L'un est une manufacture de tabac où s'activent  « cinq ou six cents femmes », « jeunes pour la plupart et il y en avait de fort jolies », dont  « le négligé extrême de leur toilette permettait d'apprécier leurs charmes en toute liberté ». Malheureusement le poussière jaune d'or « dont les marquis de la régence aimaient à saupoudrer leurs jabots de dentelle » les fait éternuer. Et de refluer vers l'hospice voisin, fondé par... don Juan devant la plaque commémorative duquel ils s'inclinent. Ce parcours du libertin avait, heureusement pour leur salut, été précédé par la découverte d'une construction épatante. La cathédrale. Une merveille jugée supérieure à celles de Burgos et de Tolède.
Devant elle, l'auteur de Mademoiselle de Maupin perd ses moyens. Pour décrire cette « montagne creuse », cette « vallée renversée », cet « éléphant debout au milieu d'un troupeau de moutons couchés », « il faudrait une année entière ». « Des volumes ne suffiraient pas à en faire seulement le catalogue. » Pour s'excuser, il rappelle le programme des concepteurs : « Élevons un monument qui fasse croire à la postérité que nous étions fous ». Toute la furia andalouse est là.
Gautier s'enfièvre, donne dans l'hyperbole et rapetisse jusqu'à la capitale chérie. « Notre-Dame de Paris se promènerait la tête haute dans la nef du milieu. » Le chandelier de bronze, qui supporte le cierge pascal « grand comme un mât de vaisseau », ressemble à « une espèce de colonne de la place Vendôme ». Une église pour Gargantua ? Le catafalque qui sert pendant la semaine sainte aurait « près de cent pieds de haut ». Les orgues ont l'air « des colonnades basaltiques de la caverne de Fingal ». Des « ouragans » et des « tonnerres » s'échappent de leurs tuyaux « gros comme des canons de siège ». Et l'office est à l'avenant. « Il se brûle par an dans la cathédrale vingt mille livres de cire et autant d'huile ; le vin qui sert à la consommation du saint sacrifice s'élève à la quantité effrayante de dix-huit mille sept cent cinquante litres.
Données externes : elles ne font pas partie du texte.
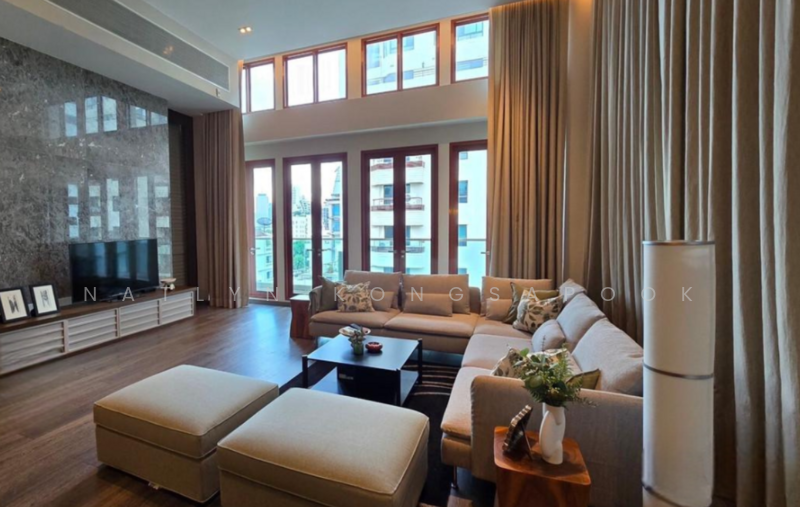The Crest Ruamrudee, Bangkok, Soi Ruamrudee 2, Witthayu Road, Lumphini, Pathum Wan, Bangkok, 3 Bedrooms, 266 sqm, Condo For Rent, by Natlyn Kongsapook, 500158364 - DDproperty.com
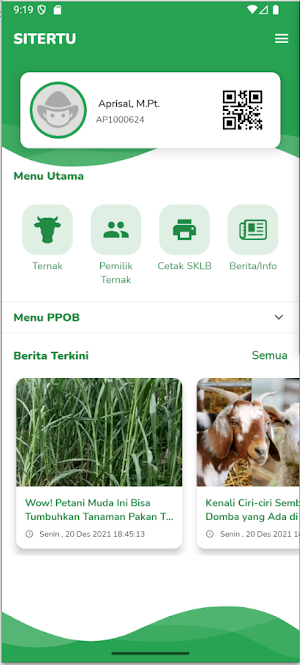 SITERKU Screenshot 1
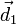 \vec{d}_1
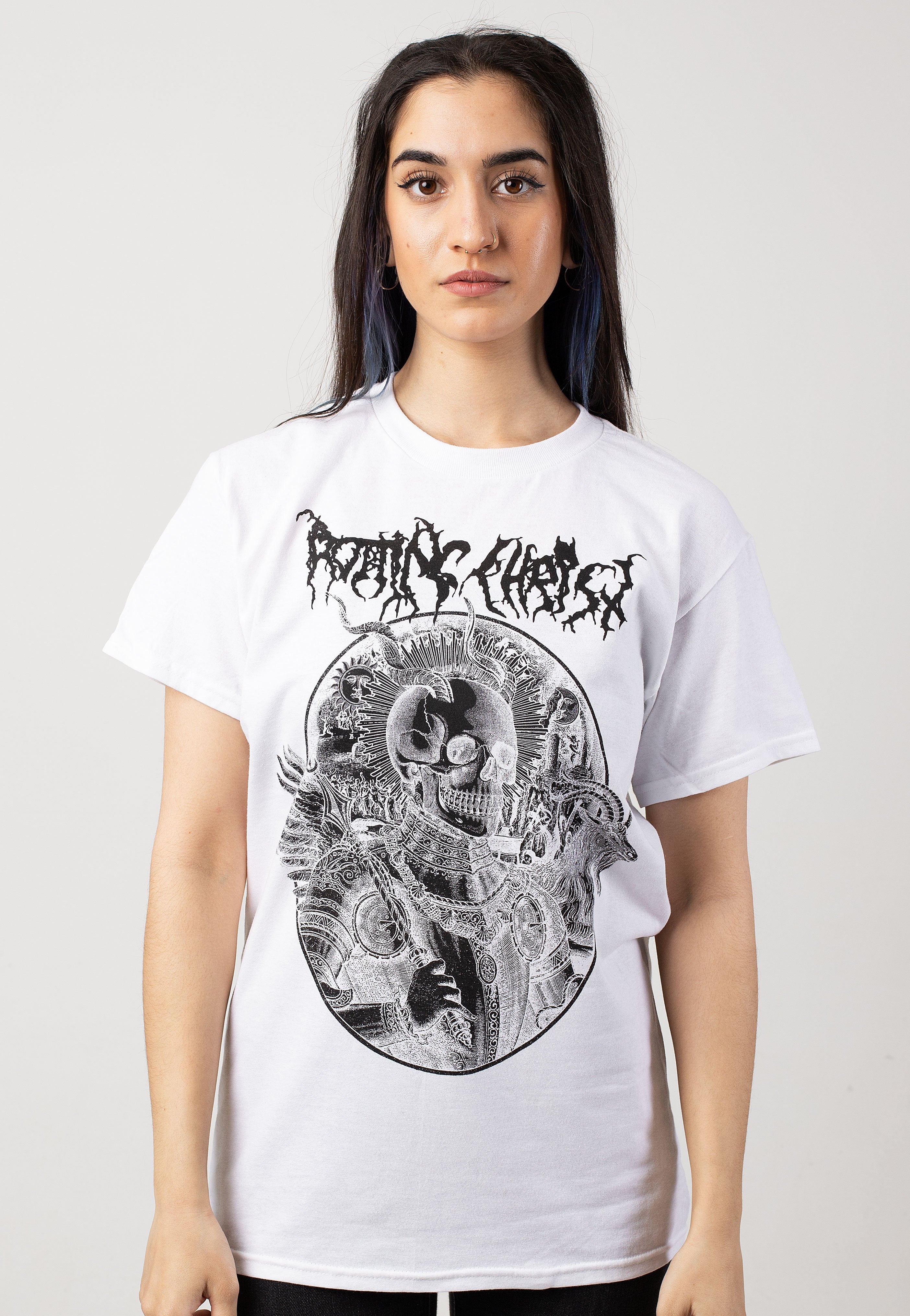 Rotting Christ - Rituals White - T-Shirt | Women-Image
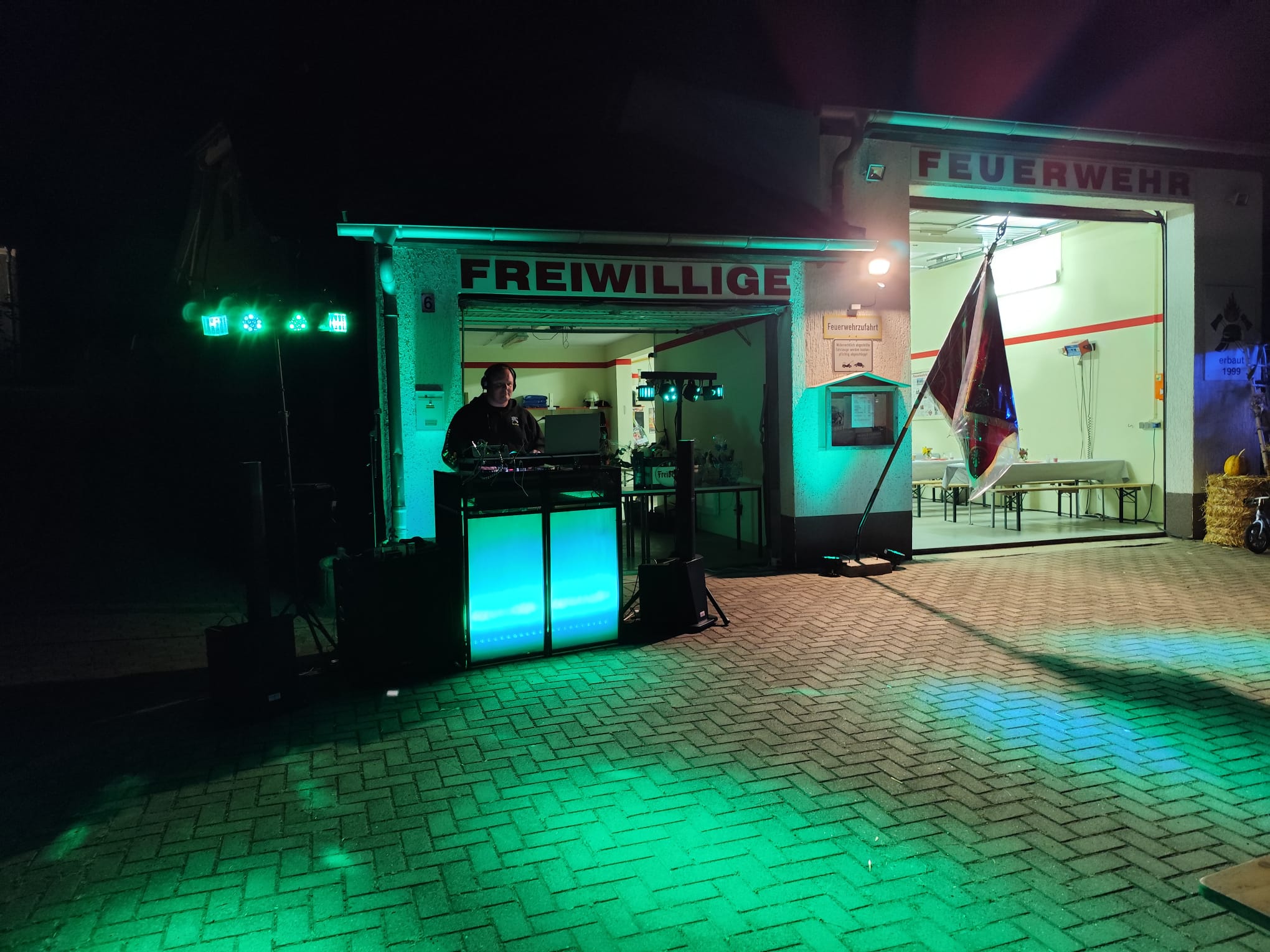 Outdoor Event Nacht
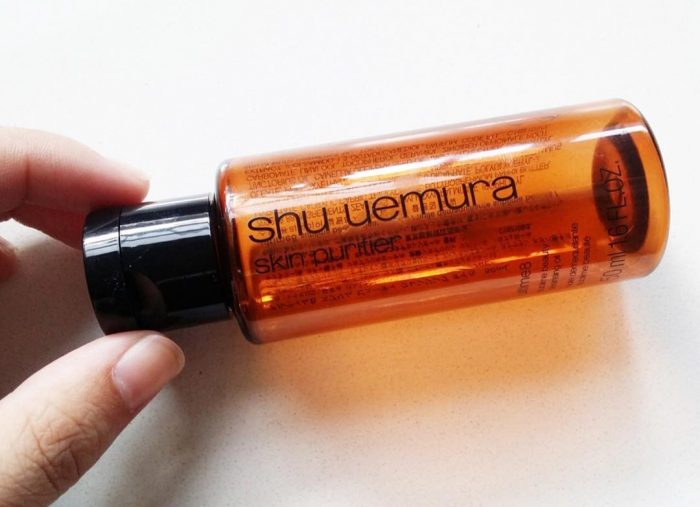 dau tay trang shu uemura skin purifier cleansing oil 10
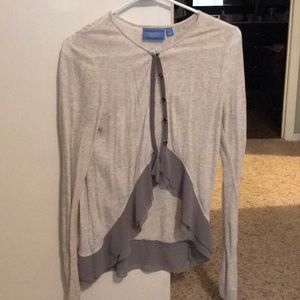 Vera Wang cascade cardigan!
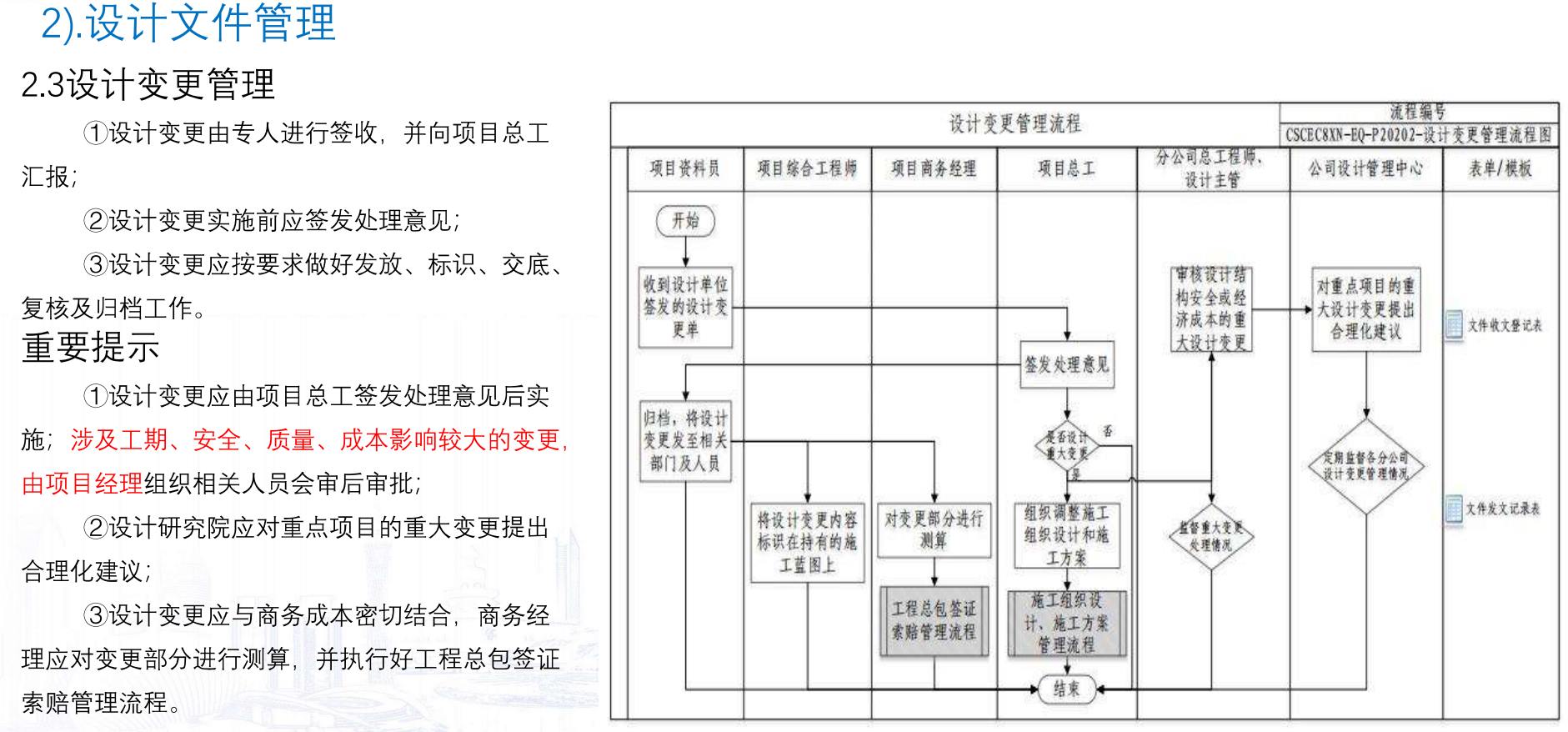 项目总工程师岗位管理职责培训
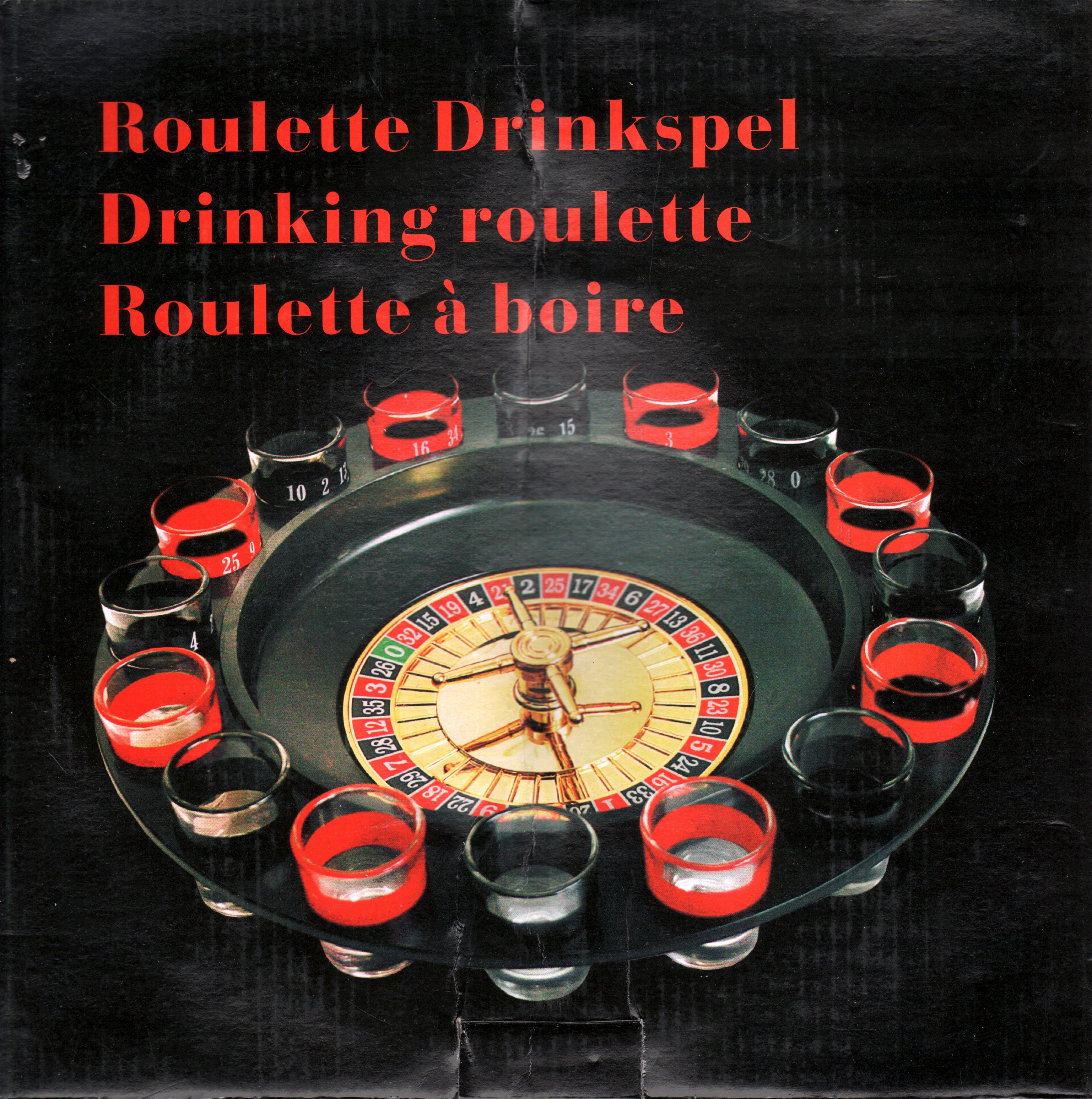 Roulette Drinkspel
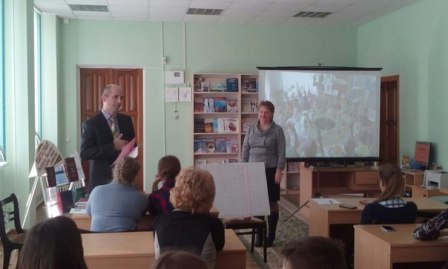 Информационный час "День Конституции Республики Беларусь"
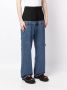 ROMEO HUNTE Hybrid Sag jeans met wijde pijpen Zwart - Thumbnail 4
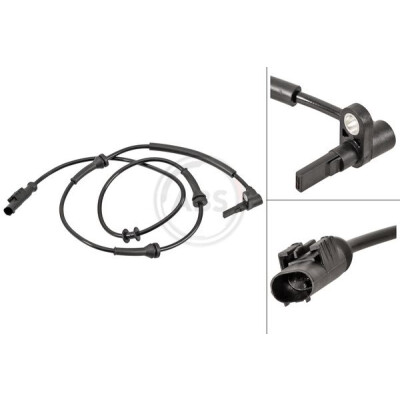 Sensor, rotações da roda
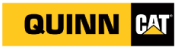 Quinn CAT company logo with a yellow and black color scheme.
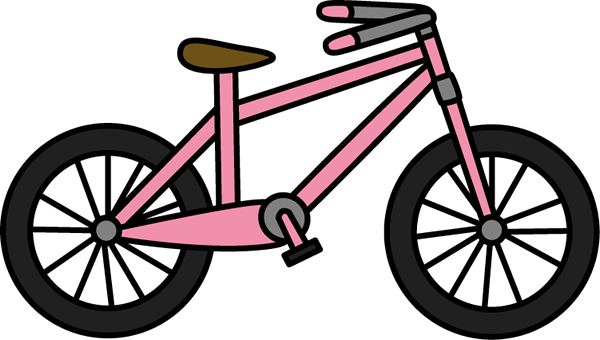 600x340 Bicycle Clip Art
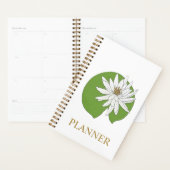 WATER LILY BLOEMEN PLANNER (Display)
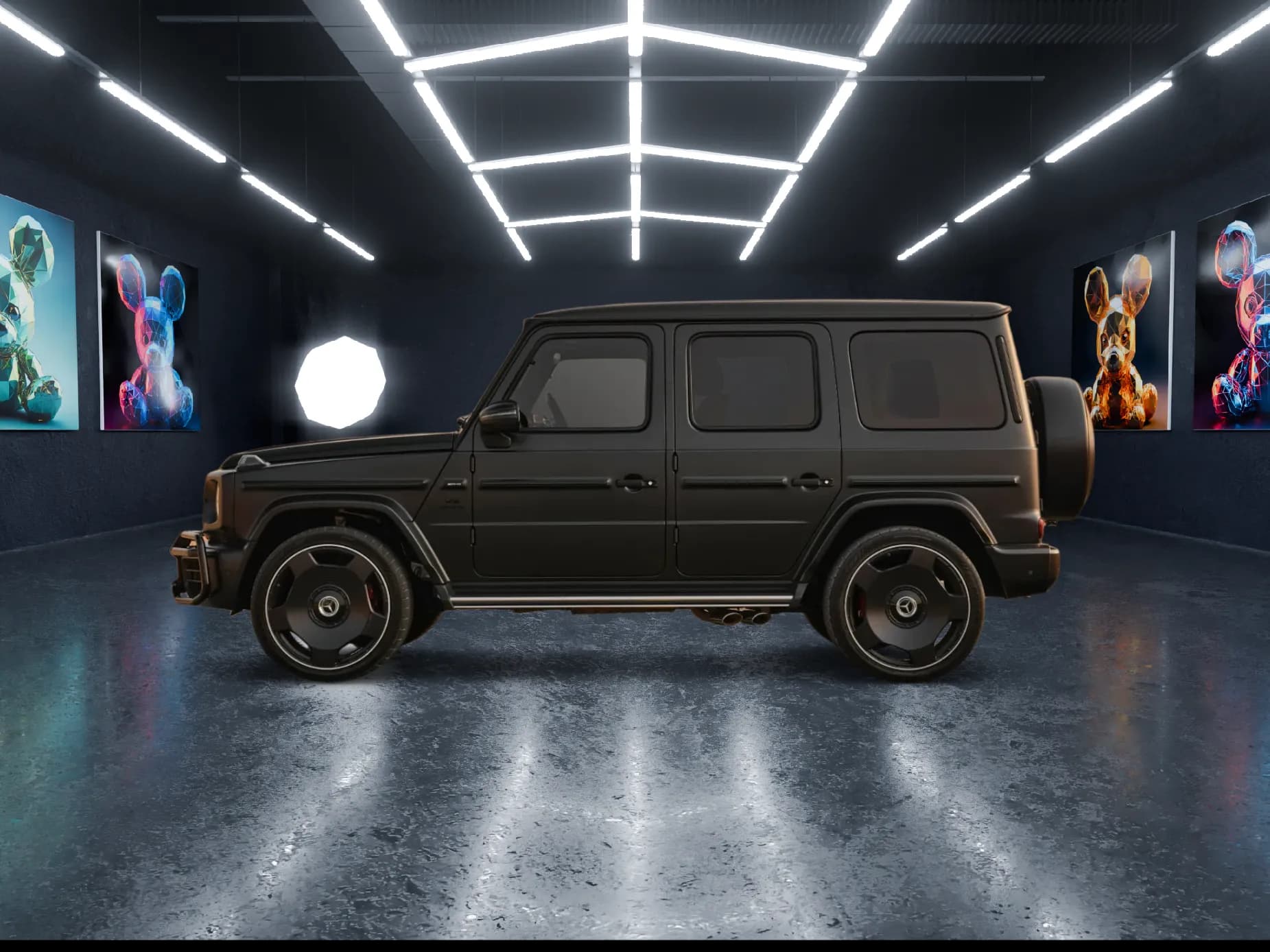 Mercedes-Benz AMG G63 - image 4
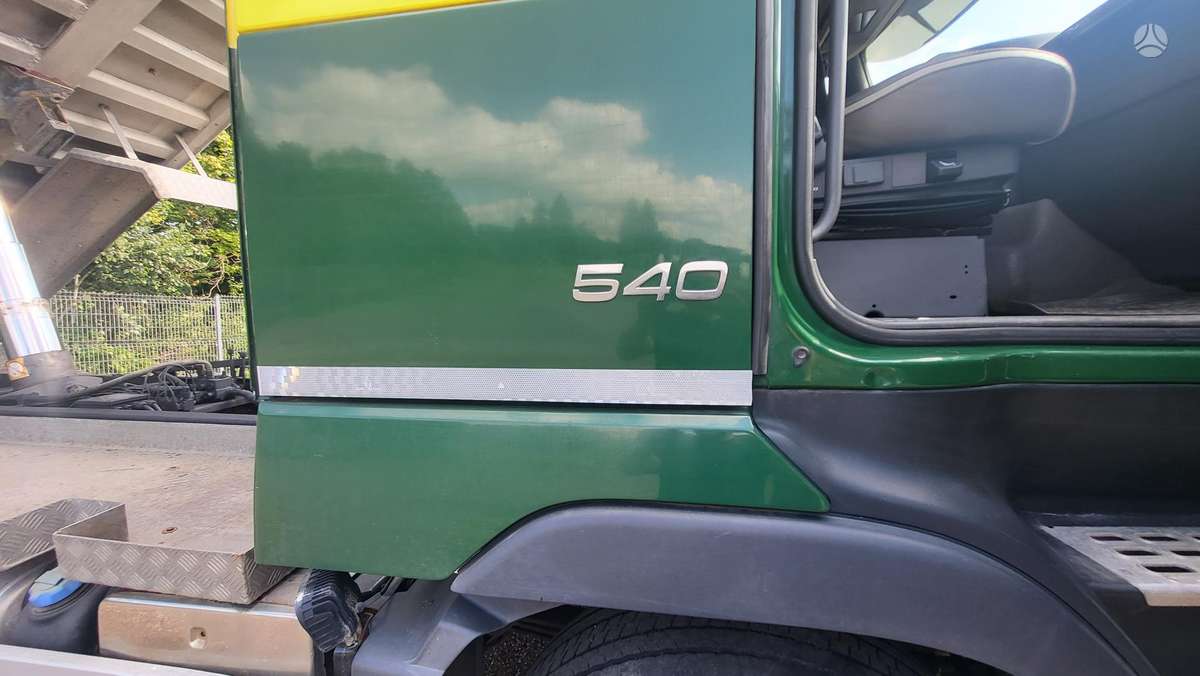 Volvo FH16 540 6X4, dumpers / tippers
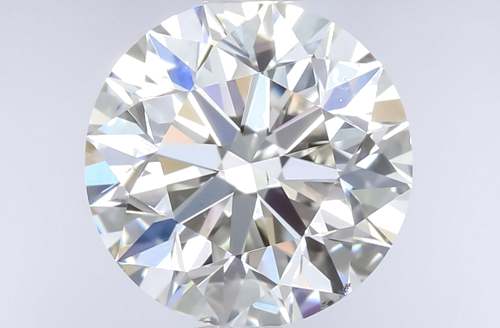 2.0 carat J-VS2 Excellent cut Natūralus Round Deimantas (1)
Il est vrai que l'on dit chaque jour cinq cents messes aux quatre-vingts autels ! »

Des yeux plombés d'extase



Theophile Gautier (1811-1872) ecrivain francais fumant la pipe lors de son voyage en orient vers 1853, dessin

Ces chiffres sont, bien sûr, lancés à la louche. Le grandiose ne s'embarrasse pas de précisions. Gautier a tout de même compté les fenêtres. Quatre-vingt-trois « à vitraux de couleur peints d'après des cartons, de Michel-Ange, de Raphaël, de Dürer... ». Partout, les chefs-d'oeuvre abondent. Jusqu'à la nausée. Quand Madrid avait accablé les visiteurs de Vélasquez et de Ribera, Séville les soûle de Zurbarán, avec ses moines « aux yeux plombés d'extase ». Ce vin de messe-là titre largement au-dessus de huit degrés. Les chapelles et sacristies sont « encombrées » de Campana, de Roëlas, de Villegas, de Herrera, de Juan Valdés, de Goya... Quant au maître-autel où resplendit le butin du Nouveau Monde, ce retable d'or, le plus grand de la chrétienté avec ses quarante-quatre scènes tirées de la Bible où se découpent plus de deux cents saints et prophètes, il faut renoncer à le détailler.
Dominer par la pensée cette muraille irradiante d'une foi aussi pure qu'intense est impossible. Hugo ou Quinet peut-être pourraient tenter cela... Gautier est plus léger. Il préfère s'attaquer à la Giralda, narrer l'ascension de cet ancien minaret. Surmonté de trois étages au temps de Philippe II et de l'Inquisition la plus fanatique, ce jumeau de la Kutubiyya de Marrakech et de la tour de Yacoub El Mansour, à Rabat, sert désormais de campanile à Santa María de la Sede (Sainte-Marie du Siège). Laquelle a prospéré, à partir de 1401, sur la mosquée construite dans le dernier quart du XIIe siècle. Mais de là-haut, arrivé au séraphin géant qui tourne au gré des vents, avec la sierra Morena à l'horizon, l'histoire apparaît clairement. Et quelle déception !
Aujourd'hui, « le mouvement ascensionnel du catholicisme s'est arrêté (...). La foi, qui ne doute de rien, avait écrit les premières strophes de tous ces grands poèmes de pierre et de granit ; la raison, qui doute de tout, n'a pas osé les achever ». En bas, c'est le Goya noir qui triomphe : « l'église n'est plus guère fréquentée que par (...) d'atroces dueñas vêtues de noir, aux regards de chouette, au sourire de tête de mort, aux mains d'araignée, qui ne se meuvent qu'avec un cliquetis d'os rouillés, de médailles et de chapelets ».
Ainsi, les temps ne seraient plus qu'affreuse bigoterie ou folie de grandeurs uniquement matérialistes. Gautier assène : « L'Espagne elle-même n'est plus catholique ». En vient à regretter que les Maures ne soient pas restés maîtres du pays « qui certainement n'a fait que perdre à leur expulsion ». Provocations gratuites. Depuis la campagne d'Égypte, l'Oriental n'effraie plus l'Europe. Mais on sait combien le critique aime aiguillonner son époque. C'est son côté gilet rouge . Sa gueule de bois, lorsqu'il s'éloigne de Séville par le vapeur du Guadalquivir, a des teintes d'améthyste et d'aventurine. Le scintillement de la Giralda au couchant.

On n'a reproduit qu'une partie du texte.